- Notes
- Method Lookup Speedup
tr///CUandtr///UCRemovedis_utf8_string- Byte-Order Marks Return
pack("U")- Lexical variables and
eval() FILEGVperlhacktutperlutil.pod- Missing Methods
- Suppress prototype mismatch warnings
- Autoloaded Constants not Inlined
lib.pmuse English- Numeric opens in
IPC::Open3 - Regex Bug
Foo isa FooREADME.hpuxmy __PACKAGE__ $obj...- asdgasdfasd
- Various
Notes
You can subscribe to an email version of this summary by sending an empty message to p5p-digest-subscribe@plover.com.
Please send corrections and additions to
mjd-perl-thisweek-YYYYMM@plover.com where
YYYYMM is the current year and month.
This week's report is a little late because I went to San Diego Usenix, and then I went to YAPC in Pittsburgh (probably the only person on the continent stupid enough to try to do both) and then I went back to Philadelphia and was driven to Washington DC for a party and came back on the train.

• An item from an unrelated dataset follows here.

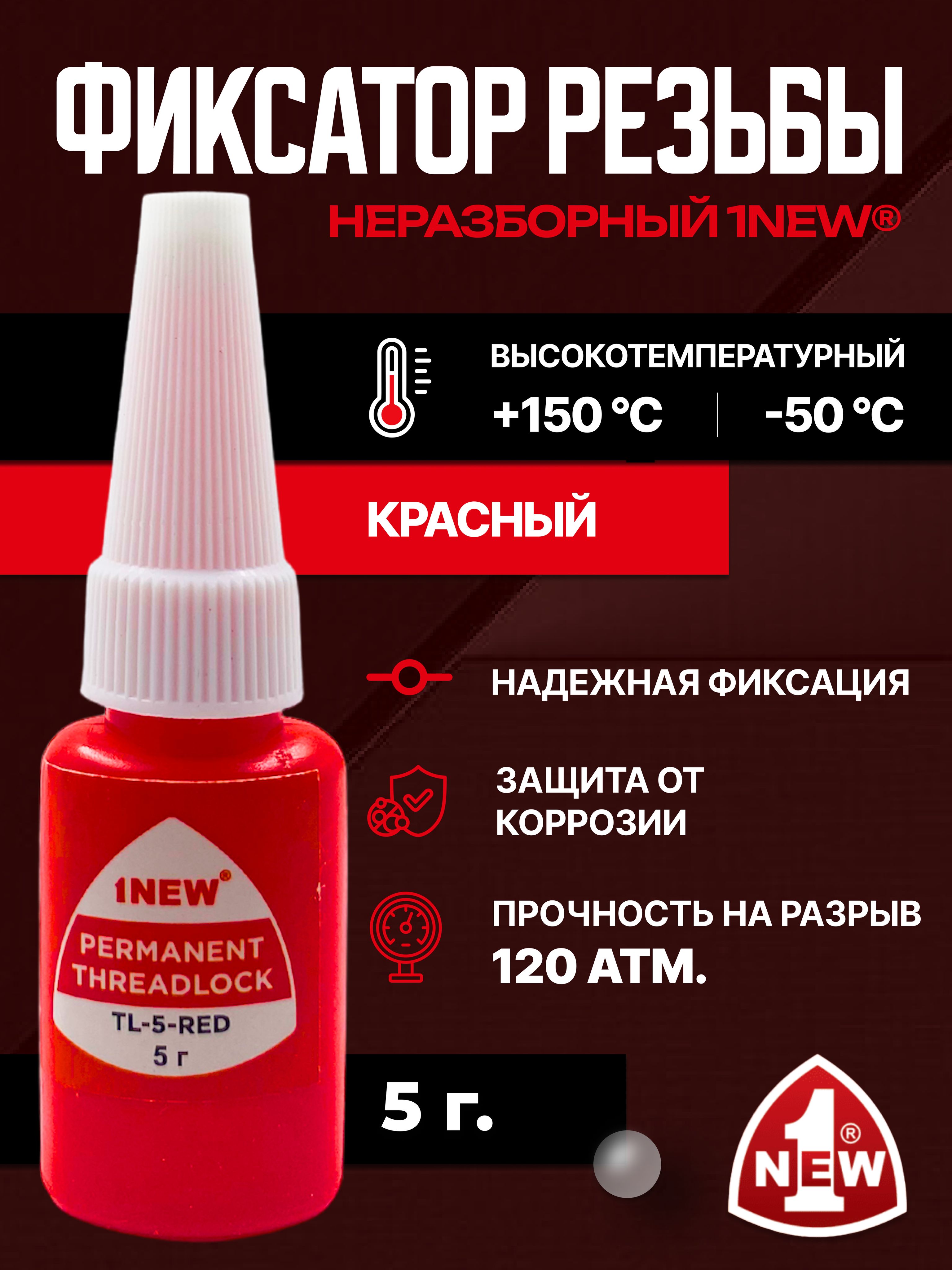 Фиксатор резьбы 1NEW красный, неразъемный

I was going to say it was a quiet week on the list. But it wasn't. It was merely a low-traffic week. It wasn't quiet at all; all sort of useful and interesting stuff was posted, and there was an unusually high signal-to-noise ratio.
This week has been named 'Doug MacEachern and Simon Cozens' week. Thank you Doug and Simon, and also everyone else who contributed to the unusually high signal-to-noise ratio this week.
Method Lookup Speedup
More discussion of Doug's patch of last week.
Last week, some people pointed out
that it would fail in the presence of code that modifies
@ISA at runtime; Sarathy suggested a pragma that would promise that this
would not happen. Nick suggested that
use base could do that.
Doug submitted an updated patch.
For your delectation, Simon Cozens wrote up an extensive explanation of the patch and how it works, including many details about the Perl internals. If you are interested in the Perl internals (and you should be) then this is strongly recommended reading.
I would like very much to run other articles of the same type in the future. This should be construed as a request for people to contribute them. They don't have to be as complete or detailed as Simon's.
Thank you very much, Simon.
tr///CU and tr///UC Removed
Simon, who has been working on the line discipline feature, got rid
of the nasty
tr///CU feature, which Larry had already decided was a bad idea and should be
eliminated.
is_utf8_string
Simon also added a function named
is_utf8_string that checks a string to make sure it is valid UTF8. The plan is that
if Perl is reading a putatively UTF8 file, it can check the input
before setting the UTF8 flag on the resulting scalar.
Byte-Order Marks Return
Simon submitted an improved patch for this. This one just has the lexer use
tell() to see if the putative byte-order mark is at the very beginning of
the file.
pack("U")
A few weeks ago there was discussion of what this should do.
Simon submitted a patch that implemented an idea of Larry's: That a
U at the beginning of the pack template indicates that the result of
pack will be a UTF8 string; anything else indicates a byte string. THis
means (for example) that you can put
U0 at the beginning of any pattern to force it to produce UTF8; if you
want to start with
U but have the result be bytes, add a do-nothing
C0 at the beginning instead.
Lexical variables and eval()
Yitzchak Scott-Thoennes reported on a number of puzzles related to the interaction of these features, including:
{ my $x; sub incx { eval '++$x' } }
Here
incx apparently increments the lexical variable; he expected it to
increment the global variable. (Rationale: The lexical variable
should be optimized away.)
Rick Delaney referred to a relevant article by Ilya in clp.misc.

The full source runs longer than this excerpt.